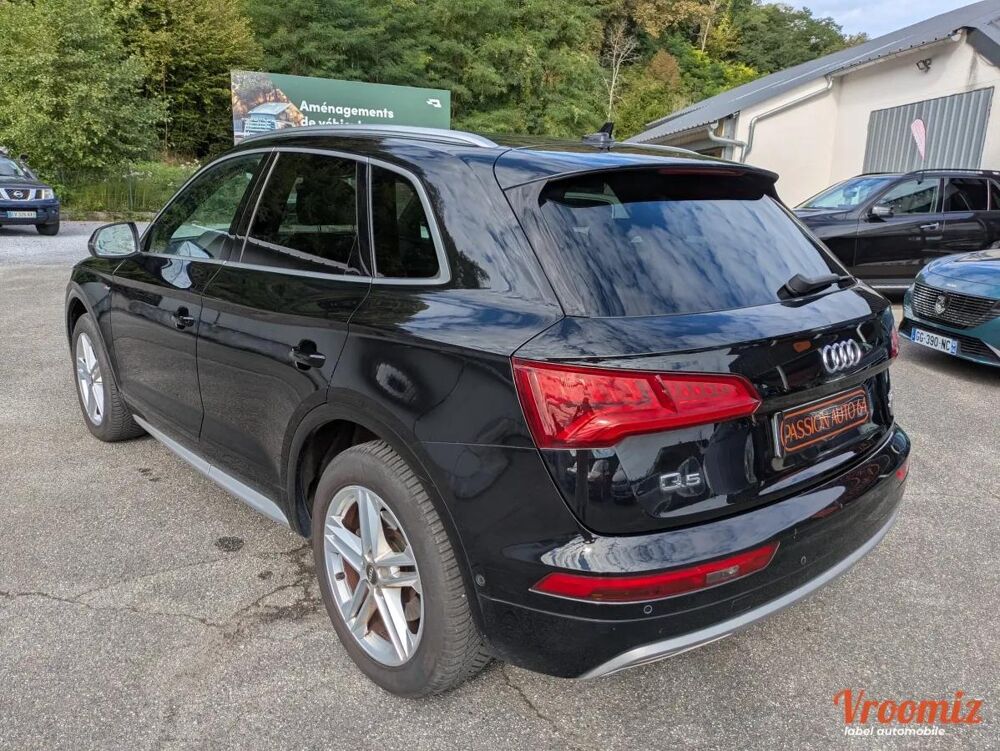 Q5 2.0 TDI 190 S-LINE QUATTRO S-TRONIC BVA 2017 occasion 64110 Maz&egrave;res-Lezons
* * *
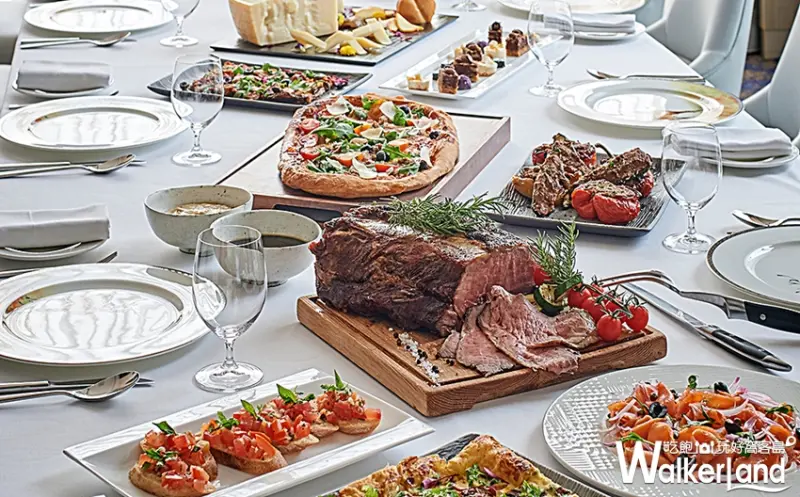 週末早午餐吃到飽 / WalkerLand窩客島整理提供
==
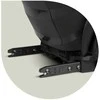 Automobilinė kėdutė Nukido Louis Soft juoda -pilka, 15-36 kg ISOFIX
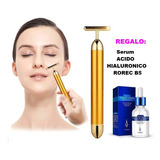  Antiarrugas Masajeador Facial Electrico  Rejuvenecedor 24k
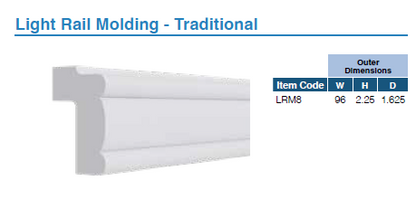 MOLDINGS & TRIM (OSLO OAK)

# Exercise brief
What belongs in the answer is each line above from the line with "Automobilinė kėdutė Nukido" to the line with "MOLDINGS & TRIM (OSLO OAK)", inclusive, reproduced exactly and free of pictures.

# Written solution
 Automobilinė kėdutė Nukido Louis Soft juoda -pilka, 15-36 kg ISOFIX
  Antiarrugas Masajeador Facial Electrico  Rejuvenecedor 24k
 MOLDINGS & TRIM (OSLO OAK)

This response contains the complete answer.